While the Sight of Formosa and face to face posited Taiwanese art within an international (and largely) cutting-edge context, Art of “Made in Taiwan (MIT)” is unashamedly a celebration of current (-ish) two-dimensional art - ink-wash paintings, calligraphy, oil paintings, printmaking and graphic design.
Works in the exhibition date from the late 1980s to 2013 (with the majority clustering from 2010 to 2013).
The exhibiting artists are either members of, or have been selected by members of the Taiwan Academy of Fine Arts (TAFA), a group established in 2010 to promote the art forms enunciated above.
The exhibition in the not-easy space of the School of Art Gallery is a commanding and handsome presentation. As one would expect the quality and range of individual works vary.

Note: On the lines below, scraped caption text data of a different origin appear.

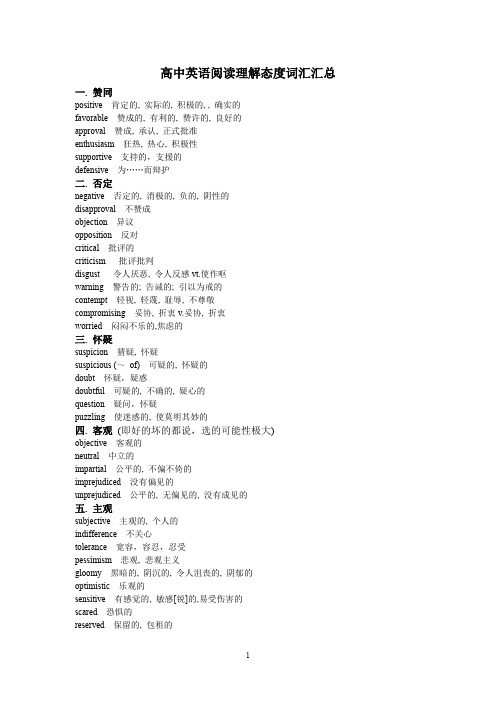 (完整word版)高中英语阅读理解态度词汇汇总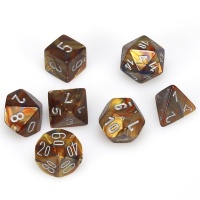 Chessex Manufacturing Chessex - Set of 7 Polyhedral Dice - Lustrous Gold & Silver Photo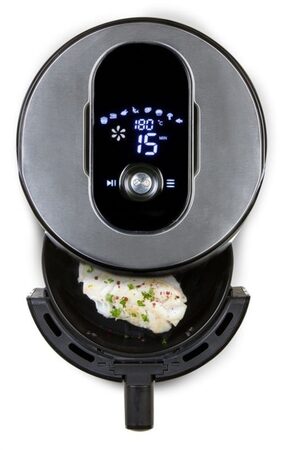 Horkovzdušná fritéza 4 l - digitální - DOMO DO530FR, Objem 4 l, Nerez, Vyjímatel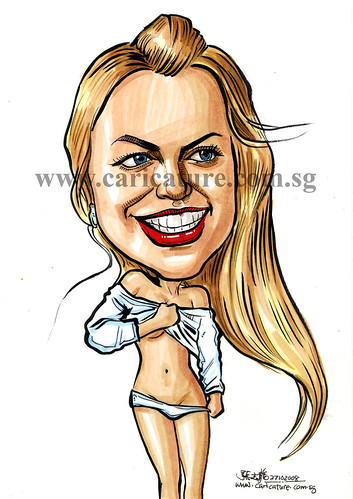 Celebrity caricatures - Britney Spears colour watermark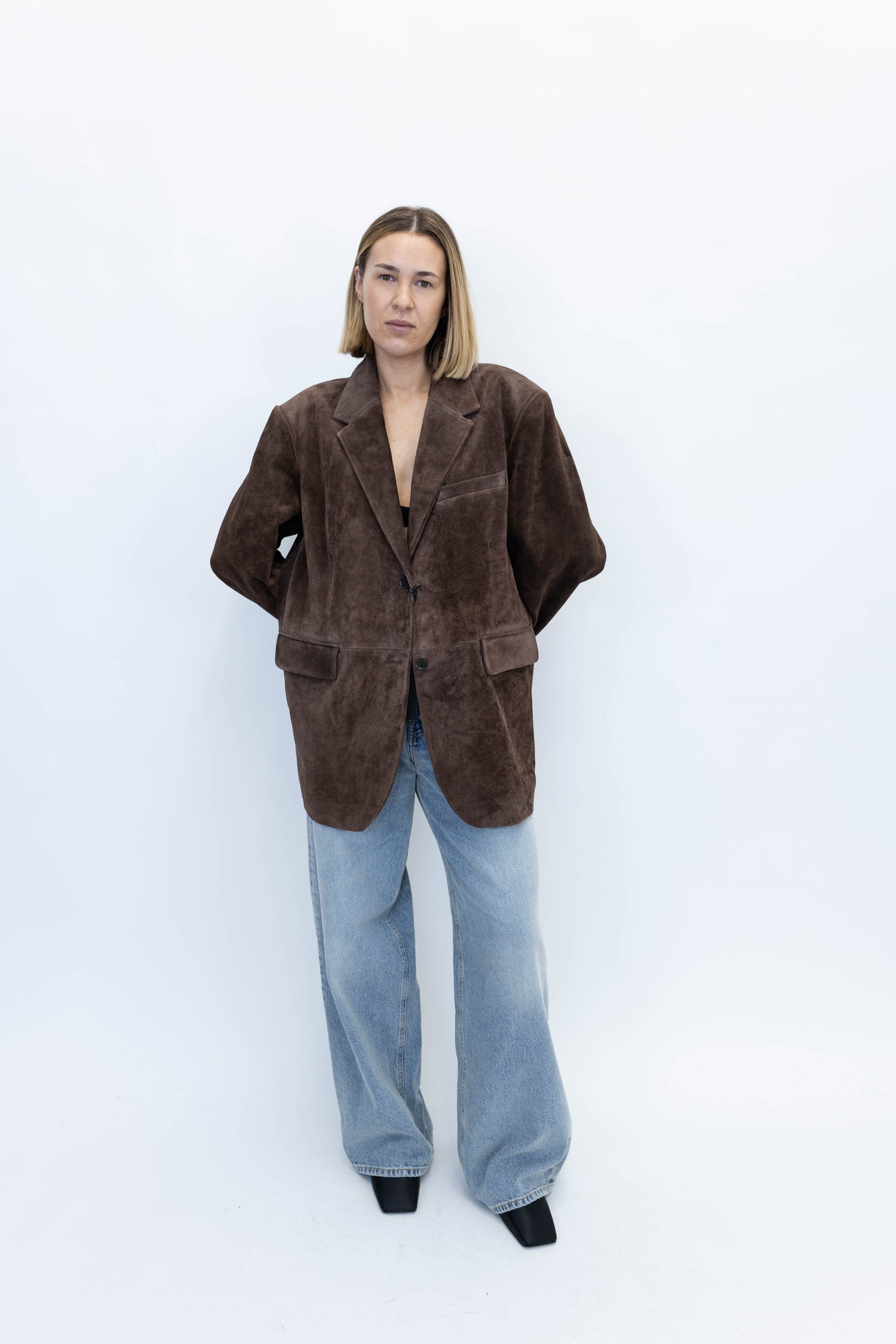 BENNY GRITTY SUEDE BLAZER IN DARK BROWN BLAZER ARMA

The stylistic expressions and variations speak of the infiltration of the influence of Western art, particularly as manifested in both American and European painting from the 1950s to the 1990s. That said there is also a clearly “local” flavour to these infiltrations that raises them above cultural quotation to culturally questioned inclusion.
There are a number of strong works here. For me those that hold the most resonance are those that evoke their source in the culture of their origin. A particularly striking piece is Kuang-Nan Huang’s Rainbow (2009). This adopts the format of a flattened five-part screen. It is a celebratory red, overlaid with gold and silver gridded lines. The base occupies a very small percentage of the overall image. Silhouetted black mountains accompanied by gold calligraphic script offer stark contrast to the white-edged three right-hand panels (these covered with black calligraphy). This is a dramatic and commanding work, exemplary of the rich Chinese culture from which it originates.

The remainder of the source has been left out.